If you’re taking notes, here are the main points for the exam.
Search engines base the rank of your webpage on the following:
- Domain Trust and Domain Authority – how credible your entire website is, along with how many quality links are pointing to your site.
- Link Popularity – a hybrid measure of the number/importance of various sites linking to a particular webpage.
- Anchor Text from External Links – the hyperlink text from a link to your webpage.
- Keyword Usage – how words used in search queries are utilized on your webpage.
The above list is ranked in order of assumed importance. Notice that the three most important variables seem completely out of your control. But after taking a closer look, the rationale becomes clear. Google and other search engines don’t care what you have to say about yourself. Instead, they want to know what others think of you. It’s the ultimate popularity contest.
Think of page ranking as the race for high school prom queen. If other people like you and talk about you, chances of winning the crown go up. But if you’re the new kid in town and no one knows your name, kiss the title goodbye.
And just like a potential prom queen woos her voters, the key to winning higher page rankings is to boost your reputation. First, you want your site to be seen as credible and influential. Then, your content should be talked about in a descriptive way. And once people get to your page, you’ll want to reinforce that you’re worth the hype.
To explain further, let’s take a look into the individual criteria. Again, all underlined terms are vocabulary words and can be referenced in the glossary at the bottom of this post.
Domain Trust and Domain Authority
Domain trust is how credible your website is to search engines, and largely depends on links coming to and from your site. If you’re linking to spammy domains, your trust level is significantly damaged. Likewise, if spammy domains link to your site, search engines will deem you unreliable. Domain trust is also calculated by looking into your domain’s registration info – if the domain is traced to a history of spam, domain trust will be negatively impacted.
To help boost your domain trust, make sure you’re linking to legitimate sites. Meanwhile, be sure to check any backlinks coming to your site.
Domain authority is a rating of how many high quality links are coming to various pages of your site. This factor measures the type and number of links coming to your entire domain, as opposed to just one page.
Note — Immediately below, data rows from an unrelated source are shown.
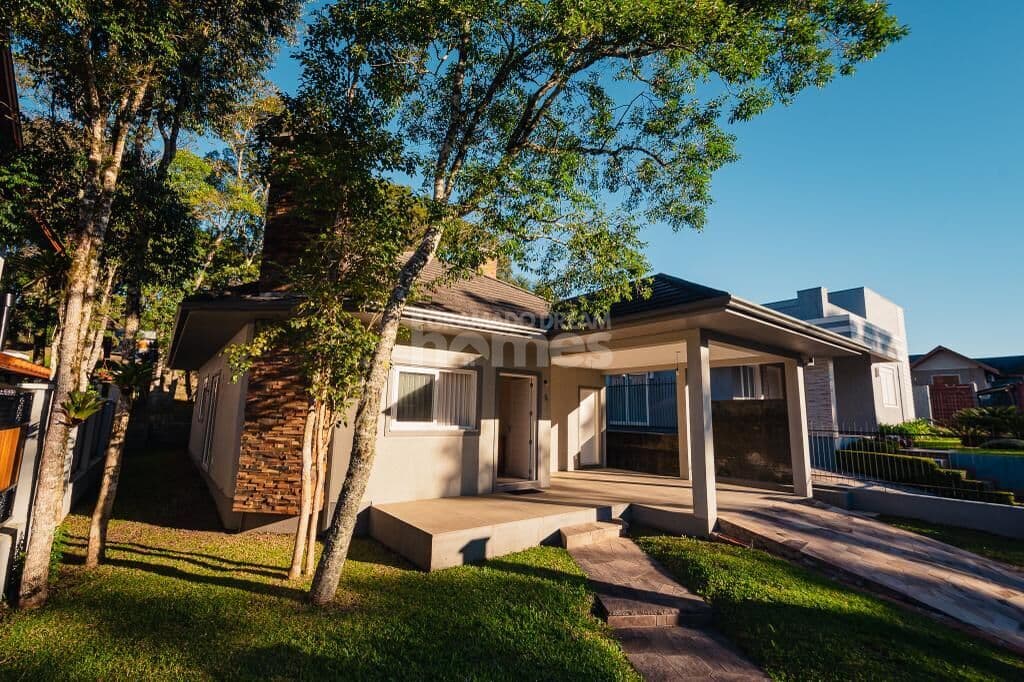 Casa pronta para morar no Carniel
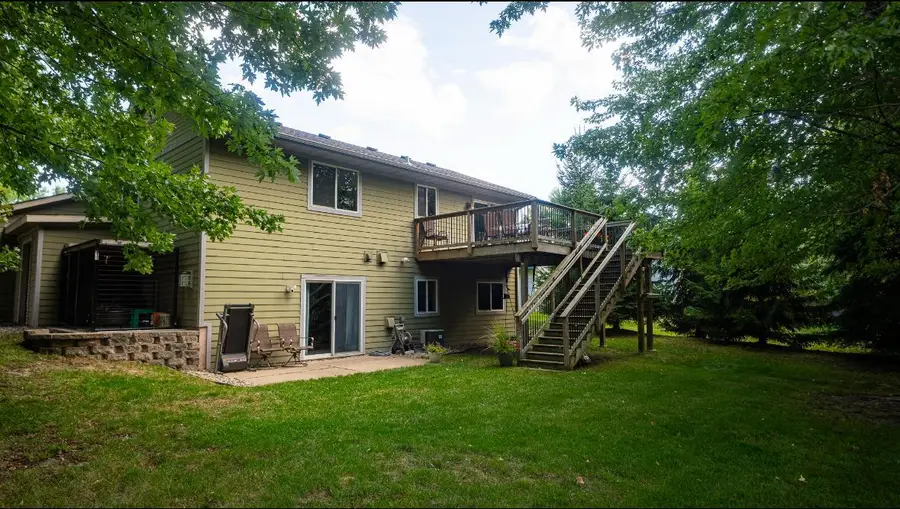 895 Marigold Drive, Cambridge, MN 55008 - #3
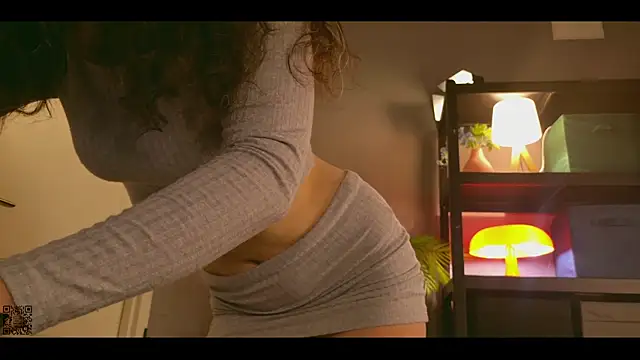 Miley Smile online show from September 2025 05:34:02 AM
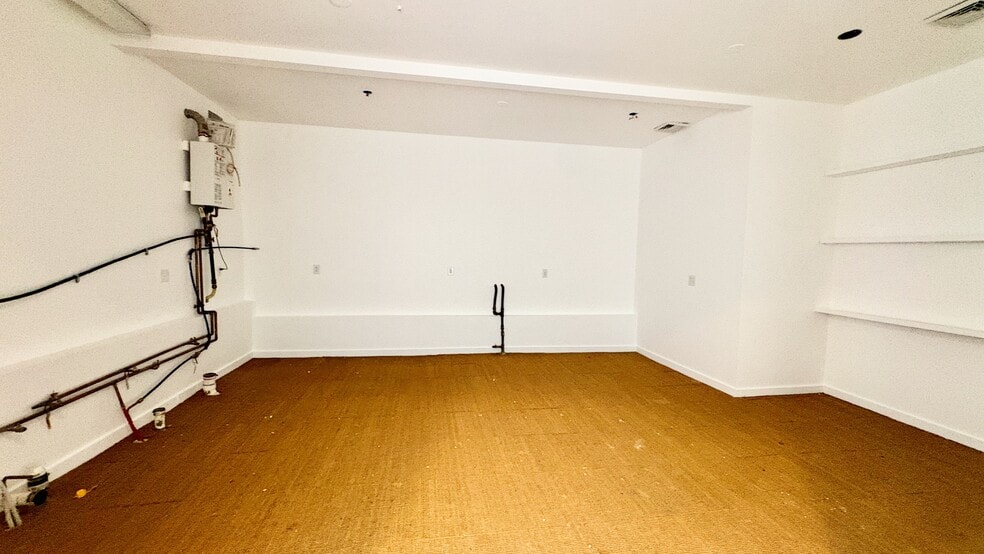 More Photos Of 317 Warren St, Hudson Storefront Retail Residential For Lease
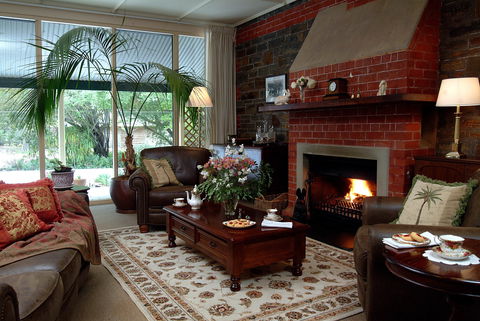 The Lodge Country House - Coogee Beach Accommodation 1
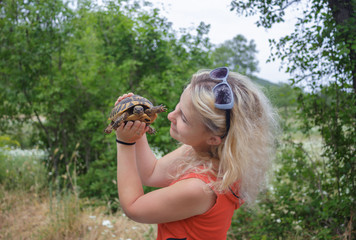 Obraz premium Girl hold the turtle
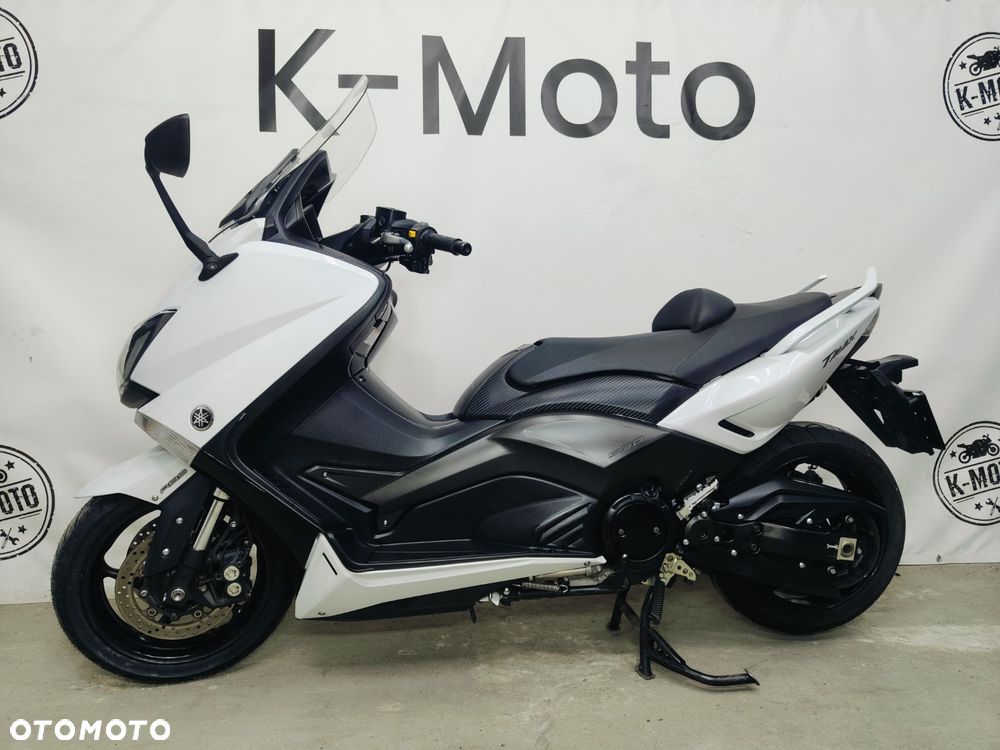 Yamaha Tmax - 18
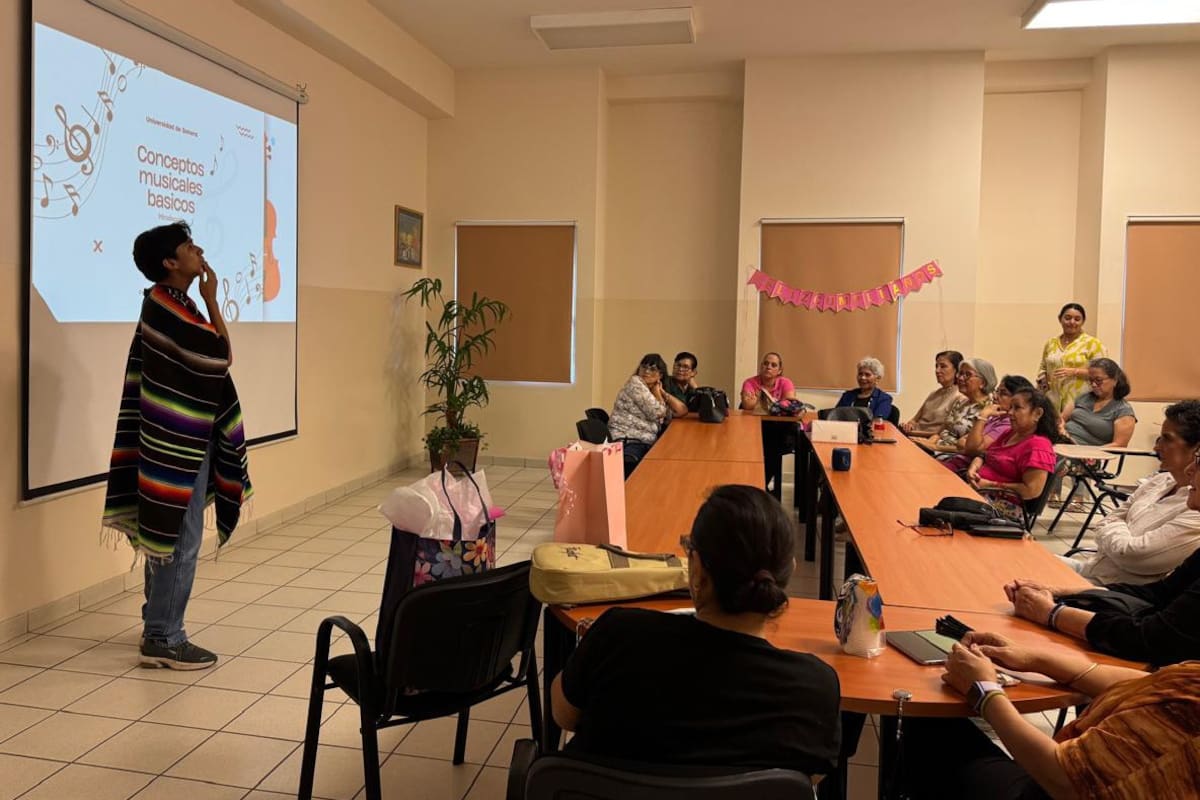 Más de 30 pacientes y sobrevivientes de cáncer de mama participan en musicoterapia oncológica de la Universidad de Sonora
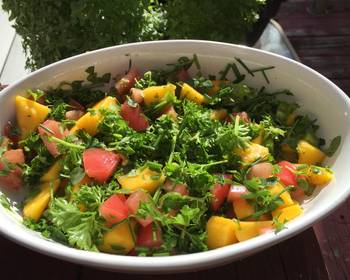 Easy Recipe Hot mango salad Practical Delicious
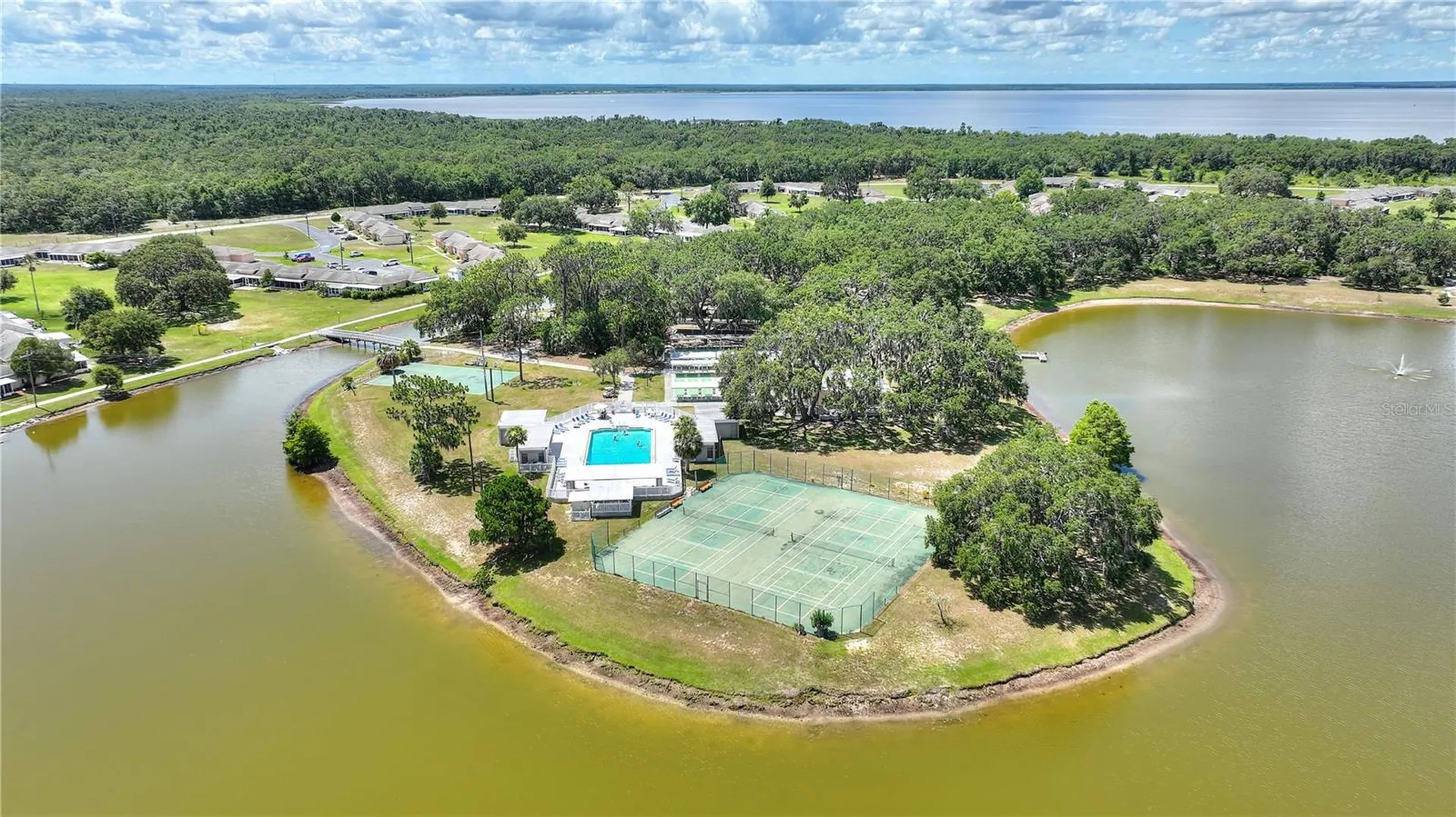 1919 Club Circle Lake Wales FL 33854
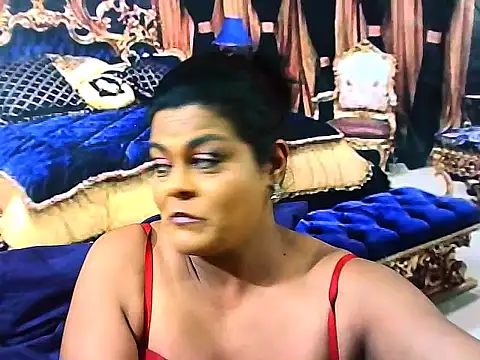 Snapshot of indianCherryPie chatting on October 25, 8:13 am indianCherryPie online show from October 25, 8:13 am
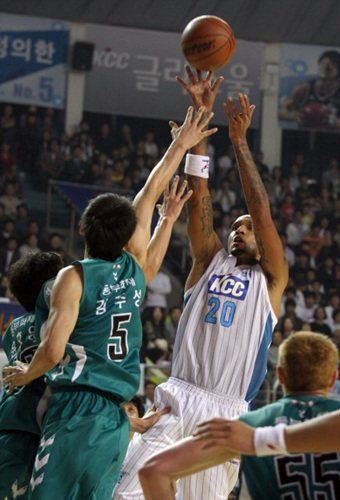 15일 전주실내체육관에서 열린 2009-2010 시즌 프로농구 개막전 전주 KCC-원주 동부 경기에서 KCC 브랜드가 동부 김주성의 수비를 피해 슛을 날리고 있다. 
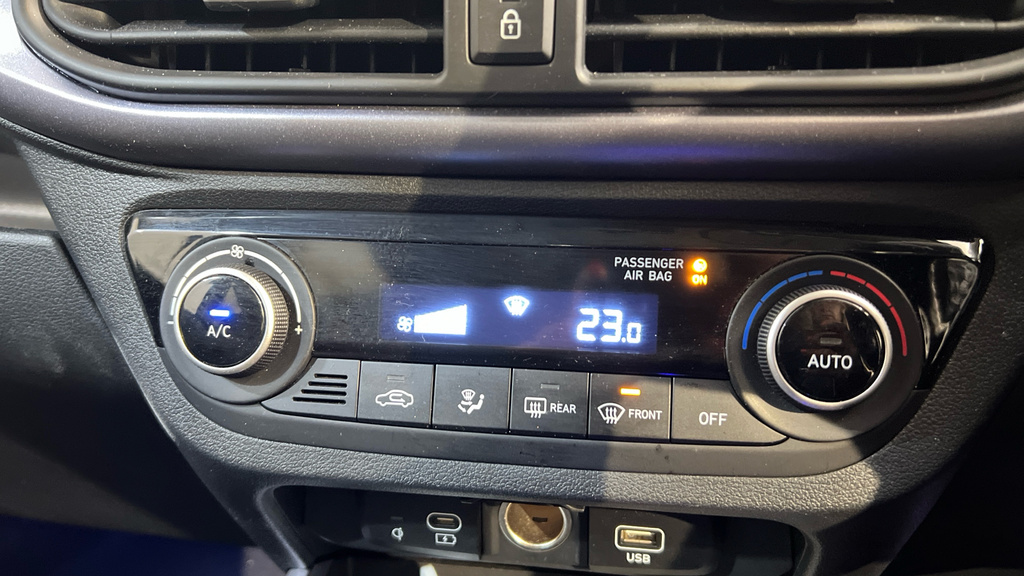 Hyundai I10 Se Connect Green #20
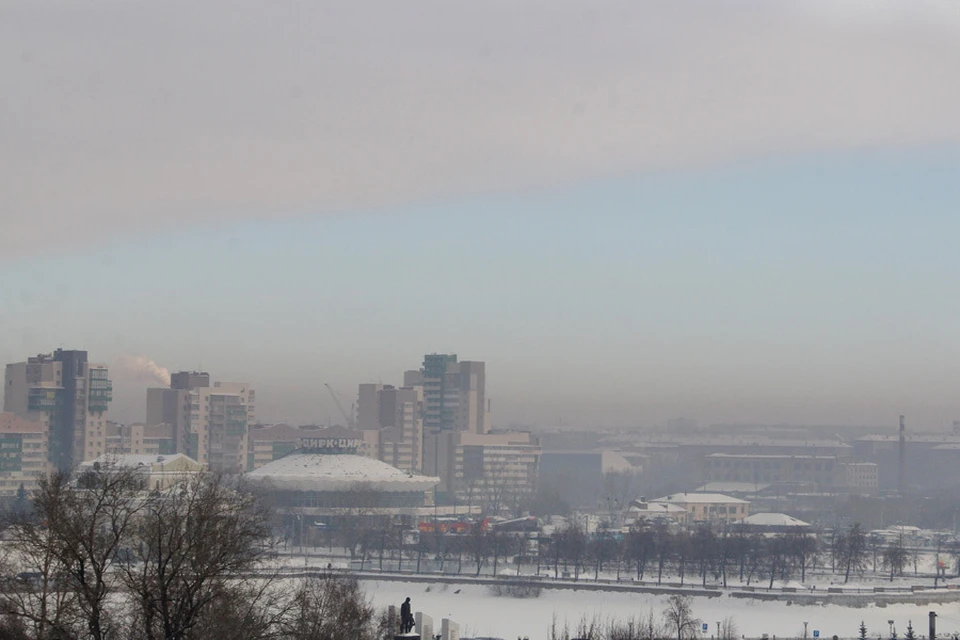 Уже пятый день челябинцы наблюдают смог в городе.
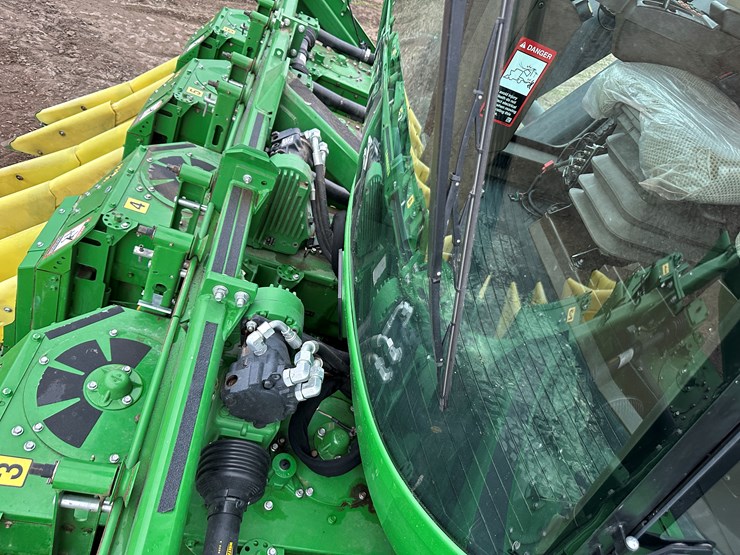 2021-john-deere-cp690-image-94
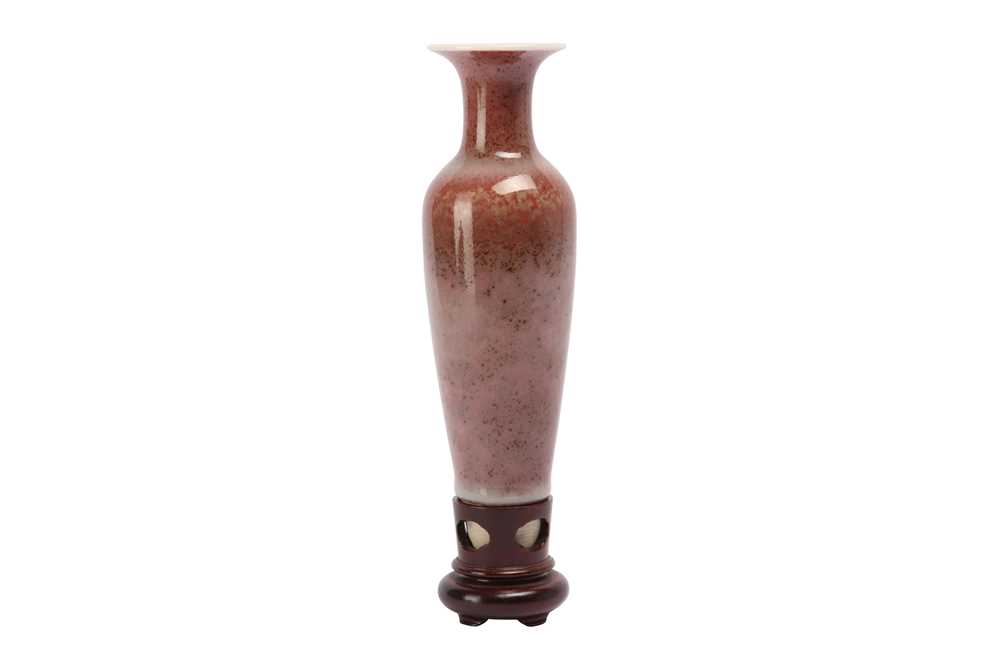 Lot 447 - A CHINESE PEACH BLOOM-GLAZED VASE.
So if your homepage gets a ton of links, that’s great – but what you’re really looking for is quality links to pages across your site. Thus, to help your domain authority, make sure you offer high quality content on several pages.
A great example of the power of domain authority is Wikipedia. If you type in a search, a Wikipedia page frequently appears at the top of the search engine results page (SERP). Why? Because Wikipedia has a ton of pages on its domain that have been trusted, referenced and shared. By building its domain trust and authority, almost any Wikipedia page is a shoo-in to the top of search rankings.
Link popularity tells search engines how many quality sites are linking to a specific page, as opposed to the entire website/domain. Remember, search engines want to promote sites that are useful to searchers. Thus, if someone links to your page, it’s considered a vote of confidence. Link popularity, therefore, is one of the most important aspects of off-page SEO.
To optimize link popularity, the goal is to boost the number of quality backlinks to a specific page, particularly if they come from another site discussing a similar topic with similar keywords.
A good way to think about link popularity is comparing it to the US Electoral College. Yes, it’s great to receive votes from Wyoming, but if you can win California, you’re well on your way to victory. Thus, if you can get a backlink from The New York Times, it will boost page ranking much faster than an obscure blog.
Anchor Text of External Links
Anchor text is the text you find within a hyperlink. For example, within “Take a look at our introduction to SEO,” the anchor text is “introduction to SEO.” This text is extremely important to page ranking because it gives a brief summary of the page being linked.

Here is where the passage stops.